◆ **Work to complete**
Below this line is the material. Write out only its lines from the one containing "A large group" through the one containing "Oddjob stands outdoors", both kept, exactly.

◆ **Input**

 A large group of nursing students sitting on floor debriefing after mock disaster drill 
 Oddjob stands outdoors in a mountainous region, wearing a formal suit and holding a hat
* * *
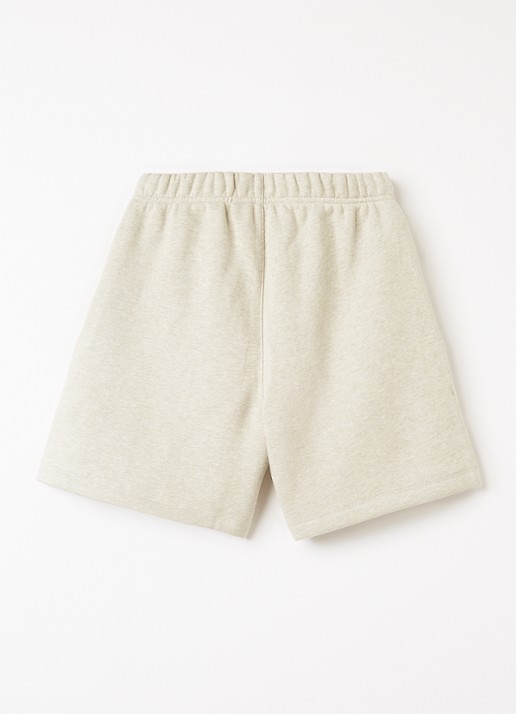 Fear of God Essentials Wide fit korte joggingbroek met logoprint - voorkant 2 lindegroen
* * *
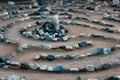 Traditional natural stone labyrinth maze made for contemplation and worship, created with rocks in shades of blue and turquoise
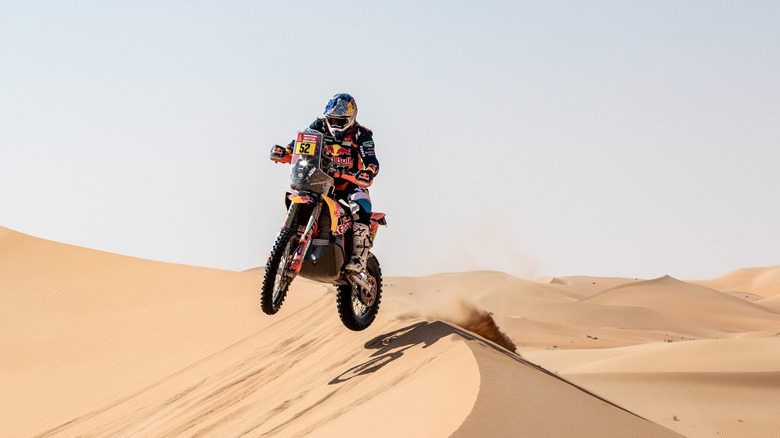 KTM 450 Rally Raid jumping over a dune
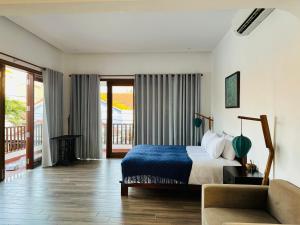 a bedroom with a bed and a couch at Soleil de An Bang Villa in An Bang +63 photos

◆ **Worked solution**
 A large group of nursing students sitting on floor debriefing after mock disaster drill 
 Oddjob stands outdoors in a mountainous region, wearing a formal suit and holding a hat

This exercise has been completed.